Internals of Jemalloc 5.3.0 in English - part two

This is the continuation of post one

6. page allocator - pa

In the "5. fill tcache.bin" section, you have gained an understanding of how to utilize slab/extent to fill up a tcache.bin. Building upon this, you may now inquire about the origin of these slab/extent entities. The answer lies with PA.

PA (Page Allocator) is used for allocating or freeing an extent, which is a large block of memory at the page level. When an extent is no longer in use, it is not necessarily returned to the OS but is likely cached at the PA layer. In the context of memory management, the PA's role is crucial for efficient memory utilization. By caching frequently used extents, it can reduce the overhead of constantly requesting and releasing memory from the OS. This caching mechanism can significantly improve performance

The main external interfaces of PA include:

pa_alloc: Acquire an extent
pa_dalloc: Deallocate (release) an extent

Now, let's clarify some abbreviations commonly found in the source code related to this context:

Abbreviation	Full name	Explanation
pa	page allocation/allocator	allocate memory larger than a page
pac	page allocation/allocator cache	submodule - support pa
pai	page allocation interface	submodule - support pa
eset	extent set	200 pairing heaps.

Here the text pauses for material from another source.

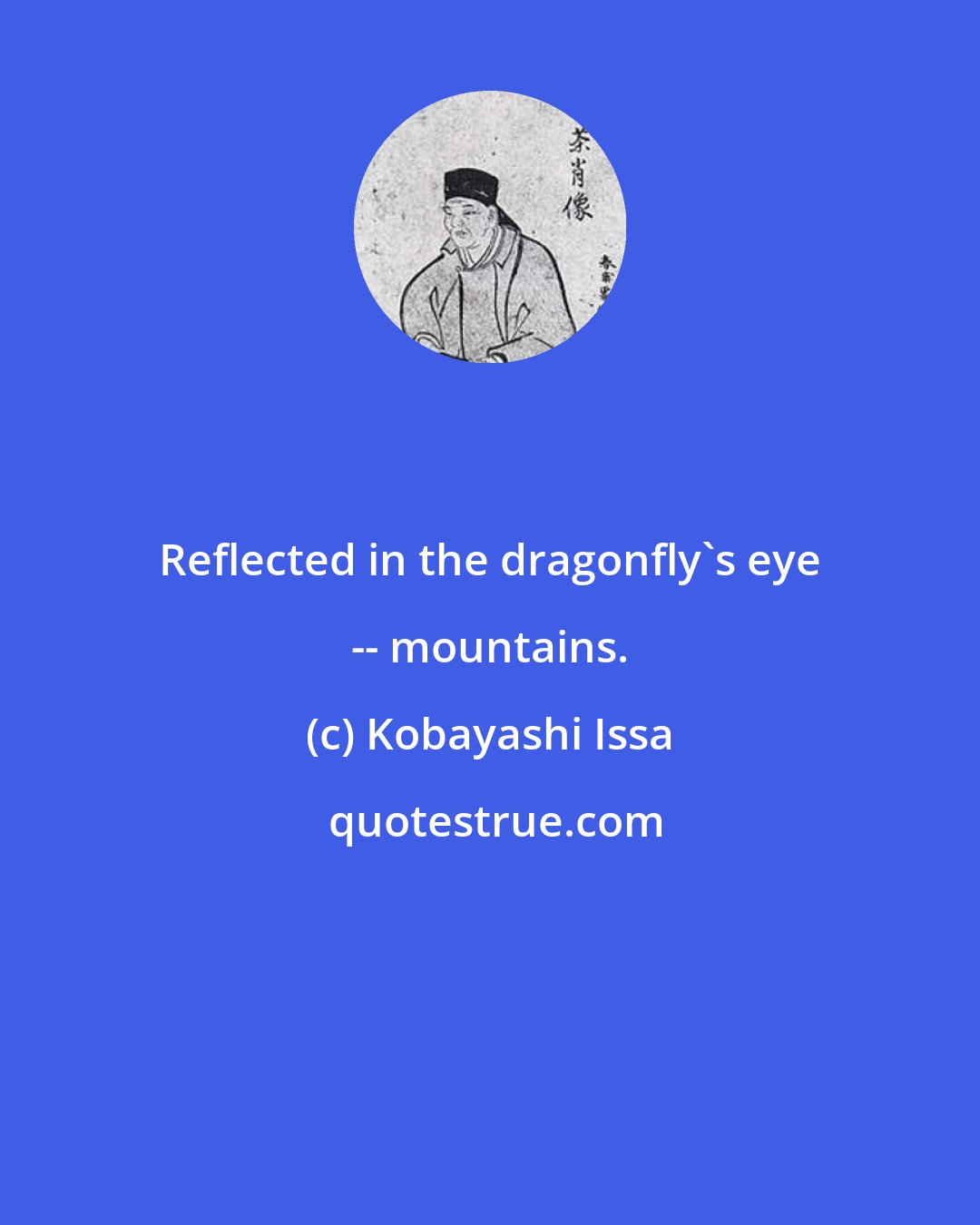 Kobayashi Issa: Reflected in the dragonfly's eye -- mountains.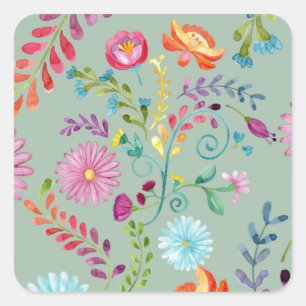 Watercolor Folk Flowers - Customisable Square Sticker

Each one is a pairing heap that cache the extent of the corresponding size. For example, eset.bins[0] contains the etent of 4096 bytes.
ecache	extent cache
edata	extent data	edata is used to describe extent
ph	pairing heap	A data structure heavily used by jemalloc

ecache_dirty, ecache_muzzy have the same structure as ecache_retained, we put emphases on two primary data members:

6.1 eset.bins

eset.bins[200] is an array of 200 pairing heaps, the bigger the index the larger the extent size. Let's print the mapping between index and extent size.

6.2 eset.bitmap

The bitmap, specifically constructed with 4 unsigned long integers (each 64-bits wide), comprises a total of 256 bits (64 bits * 4). This arrangement is sufficient to uniquely identify and mark up to 200 bins. Each bit within the bitmap can be set to either 0 or 1, allowing for a direct representation of whether a particular bin is empty or not. Here is an example.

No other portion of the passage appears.